The Hanover County Courthouse is still an operating courthouse, the third oldest in use in the United States. Located along what is now historic U.S. Route 301, its site was adjacent to the original Shelton Tavern. Founding Father Patrick Henry, married Sarah Shelton, the daughter of John and Eleanor Parks Shelton, the owners of the Tavern from 1750–1764. Henry assisted his father-in-law by greeting and serving guests, tending bar, and entertaining with his fiddle playing. Working at the tavern exposed Henry to the legal world and in April 1760 at the age of 24, he obtained a license to practice law.

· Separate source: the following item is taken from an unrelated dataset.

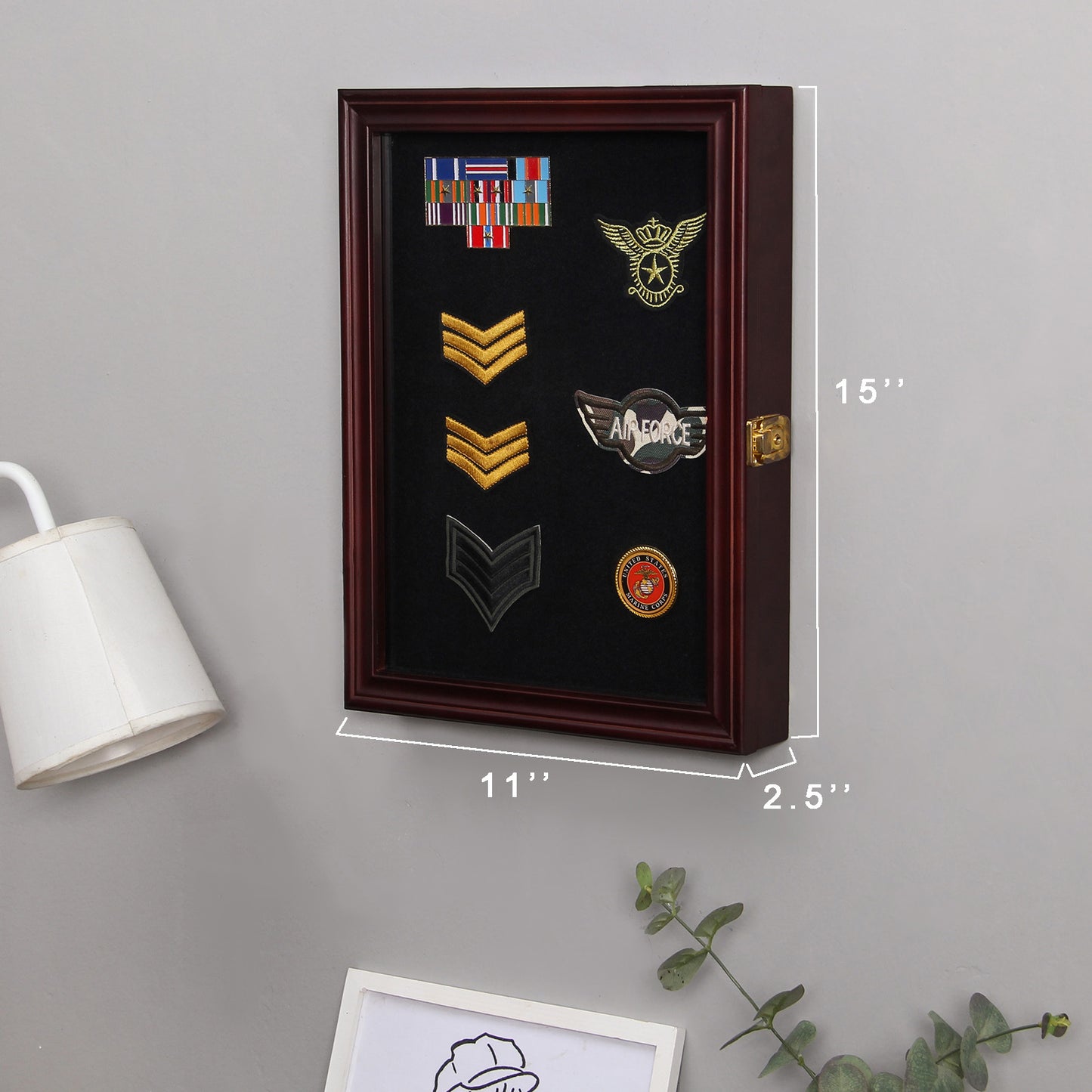 11”X15” Pin Display Case, Shadow Box-Wood Frame-Black Display Cases, 1.2 Inch Interior Depth Shadow Box for Wall and Tabletop Display Ideal for Memorabilia Pictures Flowers Medals Tickets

During the Revolutionary War, French officers Marquis de Lafayette, Marquis de Chastellux, and Rochambeau visited the Tavern. Chastellux referred to the tavern as a "Tolerable handsome inn, with a large salon and covered portico." In his diary, General George Washington twice refers to dining and lodging at Hanover Courthouse.

In 1800, seven people who were enslaved at Hanover Tavern took part in the planning of a failed slave insurrection known as Gabriel's Rebellion.

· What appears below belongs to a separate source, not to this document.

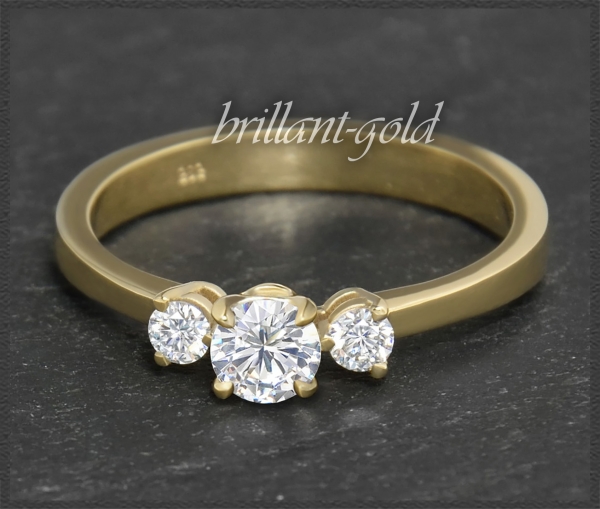 Gold Brillant Ring mit 0,49ct; Solitär 0,33ct, Si2!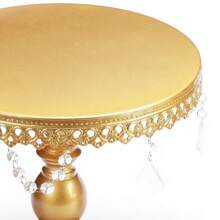 3Pcs Antique Cake Stand Set - Round Metal Cupcake Stands With Pendants And Beads - Elegant Dessert Display, For For Wedding, Birthday Party Decor, Gold/Champagne/Cream White - Gold - View 8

During the Civil War the Tavern was used as a home for Confederate refugees fleeing the Union Army.

Notable guests such as Chief Justice John Marshall, Edgar Allan Poe, P. T. Barnum, Charles Dickens, Union General Fitz John Porter, and Confederate generals J.E.B. Stuart and Wade Hampton visited the tavern.

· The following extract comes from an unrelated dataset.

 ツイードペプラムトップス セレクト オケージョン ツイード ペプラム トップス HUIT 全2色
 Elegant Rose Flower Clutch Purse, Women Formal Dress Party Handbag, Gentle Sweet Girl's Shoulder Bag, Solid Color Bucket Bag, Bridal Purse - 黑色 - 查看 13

The present tavern building, restored by the Hanover Tavern Foundation, dates from 1791 with early 19th century and late 20th century additions and is listed on the Virginia Landmarks Register and the National Register of Historic Places. The original 1733 tavern building, having fallen into disrepair, was torn down after the construction of the 1822 section. In 1953, a group of actors from New York bought the building and 3.5 acres with the intention of starting a dinner theater. The tavern was adapted as the first dinner theatre in America; Barksdale Theatre. It was the first performing arts organization in Virginia to seat integrated audiences. Barksdale Theatre merged with Theatre IV in 2012 to become Virginia Repertory Theatre.

In 1990, the non-profit Hanover Tavern Foundation bought the Tavern and 3.5 acres from the Barksdale Theatre owners and began to raise the needed money to stabilize and restore the aging building. The Foundation's goal was to restore, preserve and utilize the Tavern as an historical, educational, community and cultural resource center for the general public. The Foundation raised funds, restored historic buildings, and expanded the facility with restrooms, kitchens, and a refurbished theater. The complex reopened to the public in 2005.

Currently, Tavern offered student field trips, educational history programs, historical exhibits, heritage musical events, lecture series, and Virginia Repertory Theatre performances.